WHAT YOU NEED TO KNOW:

A bladder neck suspension is surgery to move your bladder and urethra back into their correct positions. This surgery is used to treat stress incontinence. You may leak urine when you strain, such as when you cough, sneeze, laugh, or lift a heavy object.

HOW TO PREPARE:

The week before your surgery:

  • Arrange to have someone drive you home from surgery and stay with you for at least 24 hours.
  • Tell your surgeon about all medicines you take.

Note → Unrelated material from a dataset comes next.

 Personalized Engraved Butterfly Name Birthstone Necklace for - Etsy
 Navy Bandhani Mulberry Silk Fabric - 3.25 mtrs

Include prescription and non-prescription medicines, vitamins, herbs, and supplements. Your surgeon will tell you if you need to stop taking any medicine before your surgery, and when to stop.
  • Tell your surgeon about all allergies you have. Tell him or her if you have ever had an allergic reaction to anesthesia or other medicine.
  • You may need blood or urine tests before your surgery.
  • An anesthesiologist will talk to you before your surgery. Tell him or her if you or anyone in your family has had a problem with anesthesia. You may be given general anesthesia to keep you asleep and free from pain during surgery. Spinal or epidural anesthesia may instead be given to numb the area. You may still feel pressure or pushing during surgery if you have spinal or epidural anesthesia.

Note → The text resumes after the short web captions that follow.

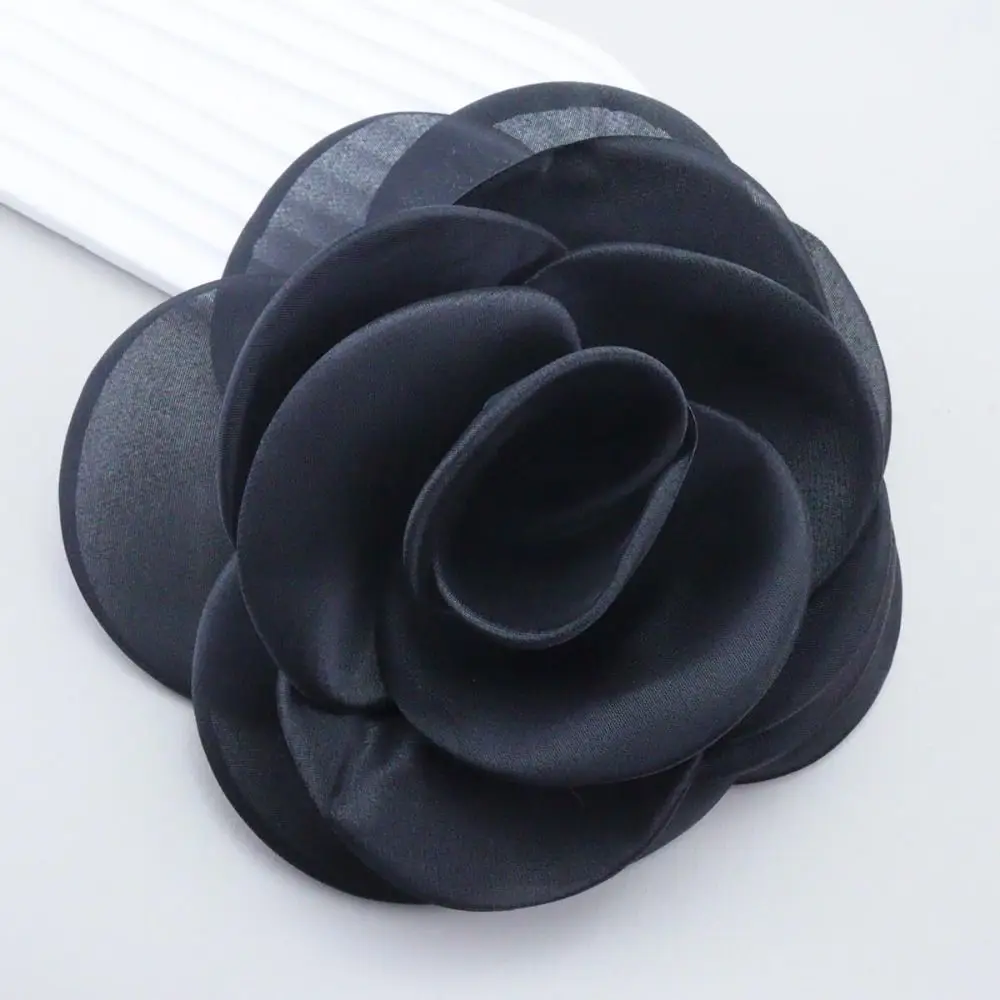 Broche de flor grande de 12cm para mujer, broche de rosa de tela, accesorios de ropa de moda, broche de Rosa romántico, nuevo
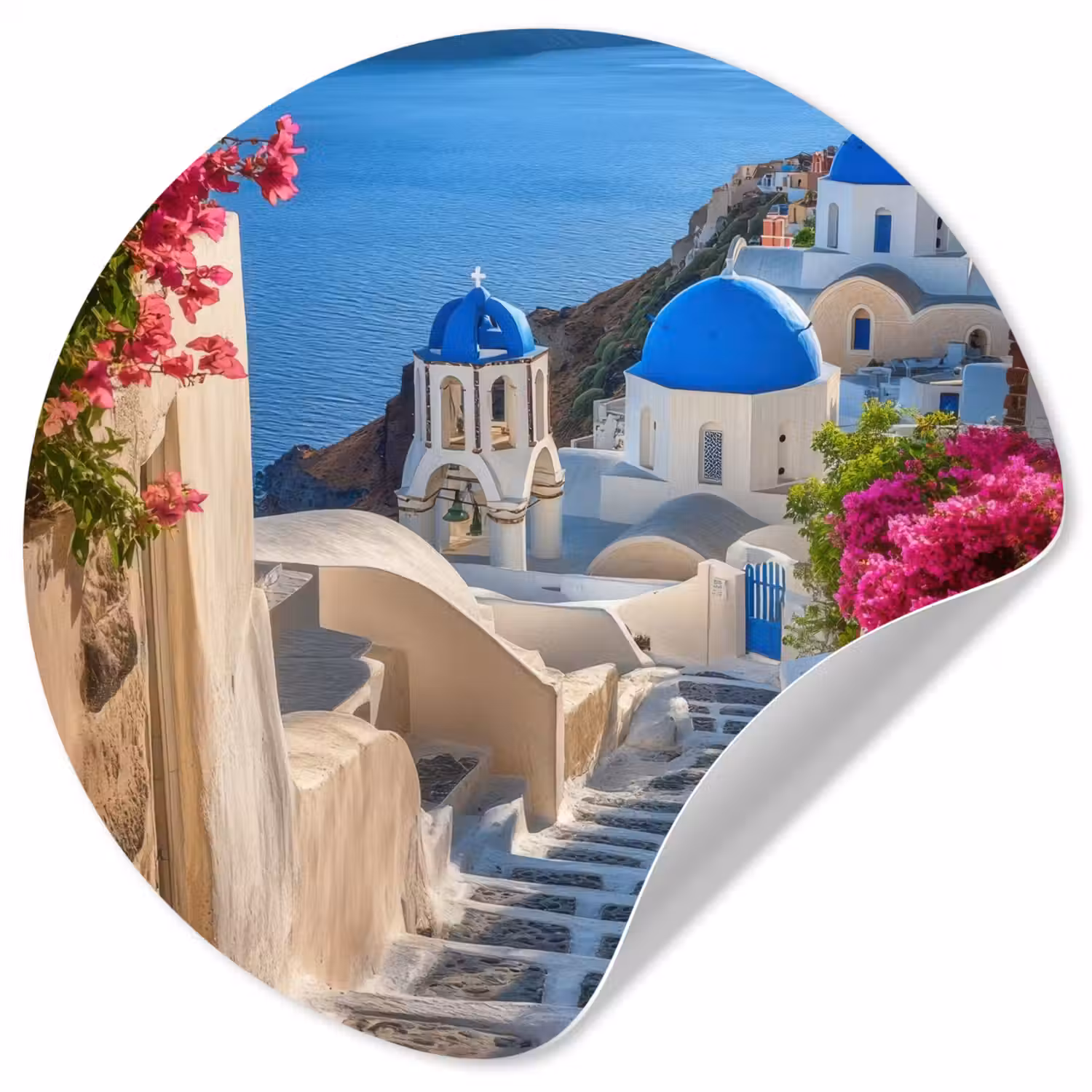 Santorini - Bloemen - Griekenland Wandcirkel behangsticker klein -3d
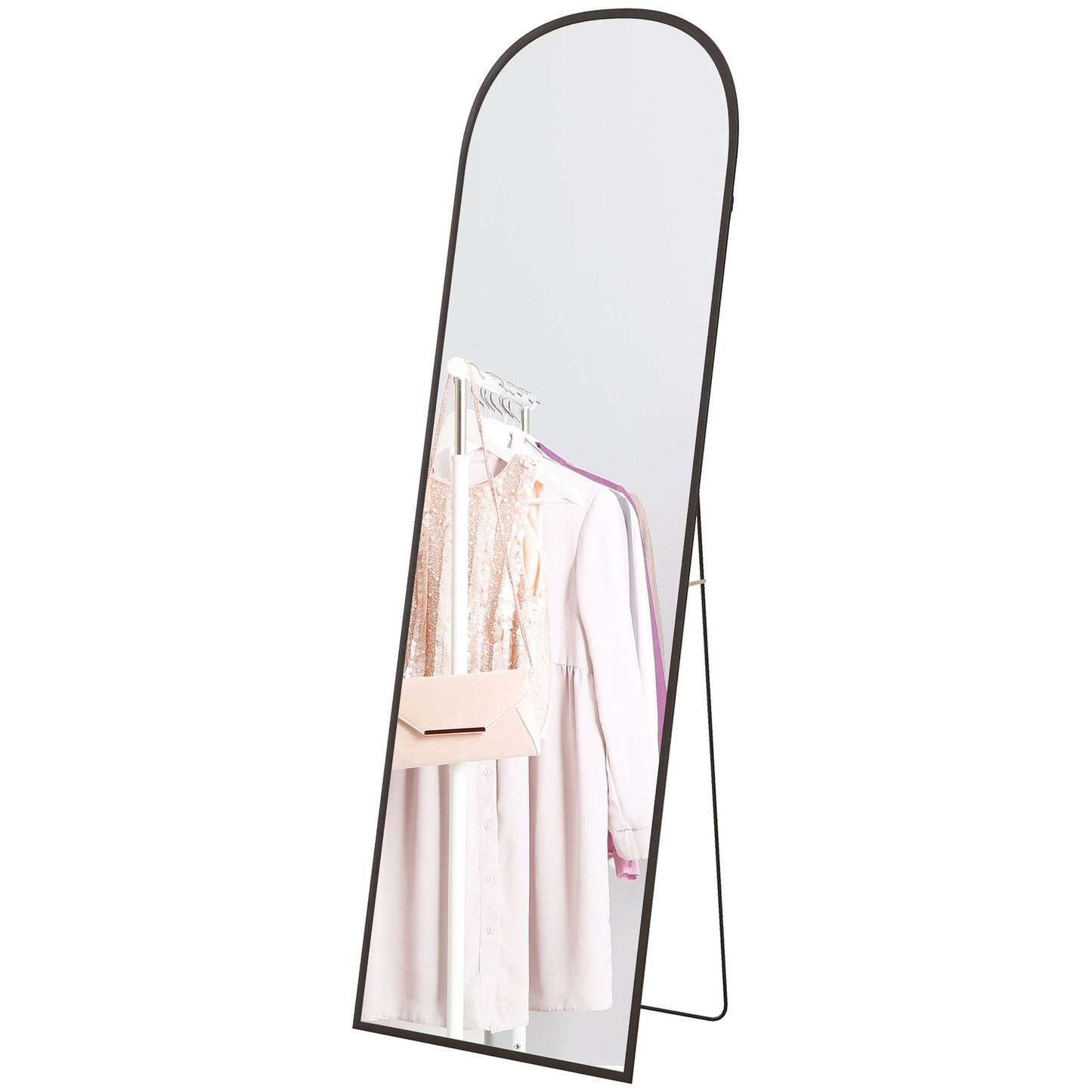 Full Length Standing Mirror with Stand, Black 64""x20""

The night before your surgery:

You may be told not to eat or drink anything after midnight.

The day of your surgery:

  • You or a close family member will be asked to sign a legal document called a consent form. It gives healthcare providers permission to do the procedure or surgery. It also explains the problems that may happen, and your choices. Make sure all your questions are answered before you sign this form.
  • Take only the medicines your surgeon told you to take.
  • An IV may be put into a vein. Medicine or liquid may be given through the IV.

WHAT WILL HAPPEN:

What will happen:

  • You may be given general anesthesia to keep you asleep and free from pain during surgery. Spinal or epidural anesthesia may instead be given to numb the area. You may still feel pressure or pushing during surgery if you have spinal or epidural anesthesia.
  • Your surgeon will make an incision in your vagina. Another incision may be made in your lower abdomen. He or she will put stitches around your bladder to hold it up against your abdominal wall. This helps prevent urine from leaking when you strain.
  • The incision will be closed with stitches. Gauze bandages with medical cream may be put in your vagina. This will help you heal and will lower the risk for infection.

After your surgery:

You will be taken to a room to rest until you are fully awake. You will be monitored closely for any problems. Do not get out of bed until your healthcare provider says it is okay. You will then be able to go home or be taken to your hospital room.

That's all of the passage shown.